We found him on the dirty streets of Phnom Penh, just off of Sisowath Quay. He was dressed in rags and sucking on discarded satay sticks from the gutter. He crouched, like a small animal, mournful brown eyes gazing hungrily as we passed by. He raised his fingers to his mouth, never uttering a word. He stood up and silently fell in line behind us, a small, wraith-like figure in the folds of the dark sky.
As we entered a small convenience store, he pressed his nose up against the glass. His grubby fingers left streaky brown spots on the glass. The shop owners chased him back to the street with brooms. We stood inside the small shop and wondered what to do. Did he have a street boss? If so, we knew he wouldn’t receive a single penny we gave him, so we opted to buy him some apple juice, cheese and crackers. It was a pitiful dinner and we felt horrible as we lumbered outside and solemnly handed our purchases to him. A fleeting look of thanks crossed his face and then fear. His head darted around quickly, as though looking for someone and then he scampered off into the black night. We wondered where this small, innocent child would rest his head this evening.
The next morning, he was waiting for us when we stepped out of our hotel. He is such a smart little boy, to know instinctively that we are bleeding hearts. There are so few of us left. We couldn’t turn our eyes. We started trudging up the street and found a small, shaded restaurant. He sat down in the gutter and watched us closely. His heavy flannel shirt stuck to his skin in the heat of the morning. His tattered shorts hung from his thin frame. We could hardly bare it.

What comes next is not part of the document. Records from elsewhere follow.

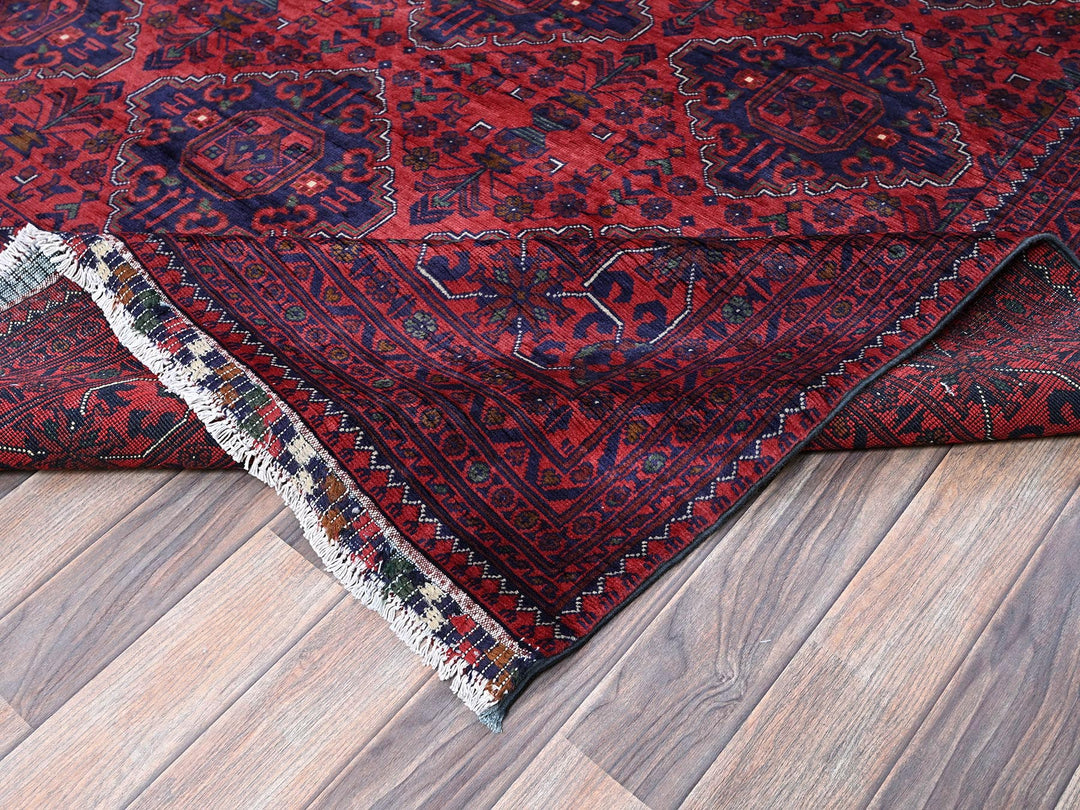 9'8" x 12'9" New Hand Knotted Red Wool Rectangle Oriental Rug - MOA102762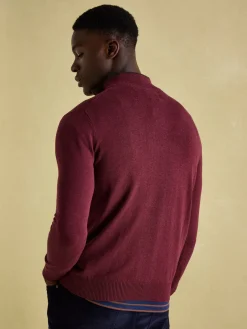 Joules Hillside Quarter Zip Knit Jumper Burgundy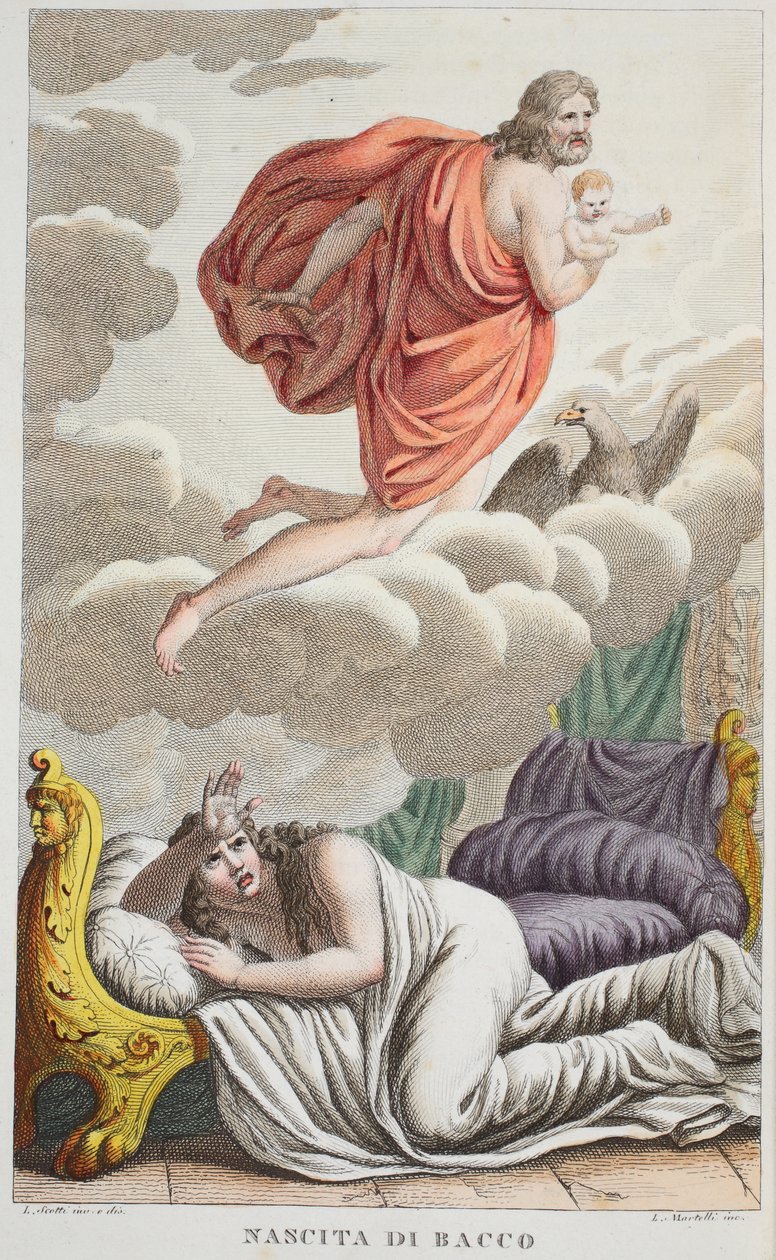 Semele هي Thunderstruck أو Nascita de Bacco ، صورة توضيحية من Ovid&39;s Metamorphoses ، فلورنسا ، 1832 (النقش اليدوي) بواسطة لويجي أديمولو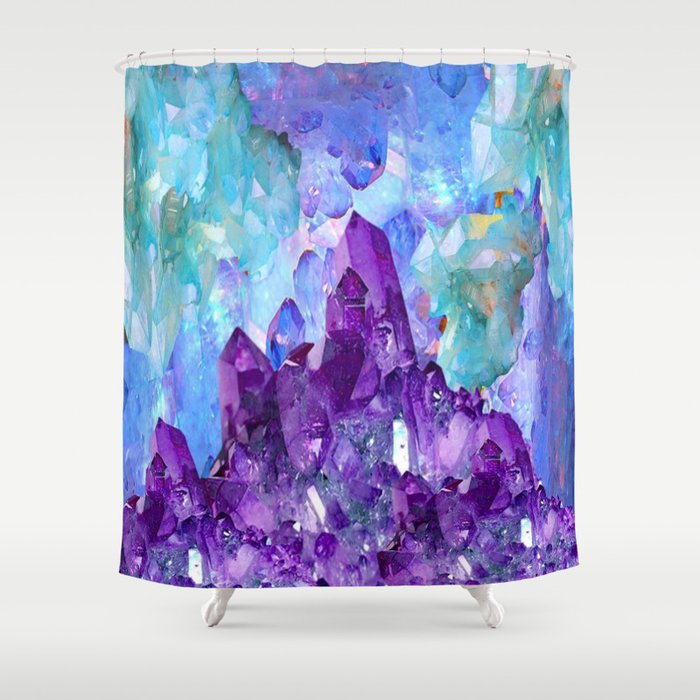 PURPLE AMETHYST CRYSTALS & BLUE-GREEN AQUAMARINE Shower Curtain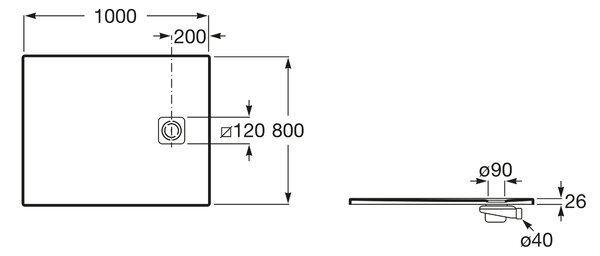 Roca Magma obdélníková sprchová vanička 100x80 cm béžová APE013E832003650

We invited him to join us. He crawled to our table on all fours, like a dog that has been beaten. We quickly stood and helped him stand. He clambered up onto the big chair and sat quietly. Scrambled eggs, bacon, fresh orange juice and bread were placed in front of him and he valiantly tried to use his fork and knife. He dabbed his napkin at his mouth and tried to clean his hands before eating his bread while I helped him cut his food. We struggled to eat our meals, all of us self-conciously aware of our health and robustness. In the end, each of us left food on our plates, which we packed into a bag for him for later. A quick thank-you and he slipped away into the morning crowds.
We saw him again later that evening. He was precariously clinging to the back of a tuk-tuk. His bare feet pounded the hot asphalt as he hitched a ride to God knows where. We thought we had seen the last of him, and each of us silently said a prayer for him. Nevertheless, we saved our food for him, just in case. Just as we were getting ready to enter our hotel, we saw him emerge from a dark alley with a friend. We bought some more apple juice and crackers for them. We hoped that somehow this might fortify him for another twenty-four hours, each of us wondering when he would get his next meal. He accepted it gratefully, and his lips pulled back slightly. It was the sorriest excuse for a smile I have ever seen, yet a smile nonetheless. As he walked off down the street, we waved good-bye as he looked back over his shoulder. A flash of teeth and the night swallowed him whole.
His name is Jack. He’s ten years old.
“Our lives begin to end the day we become silent about things that matter.”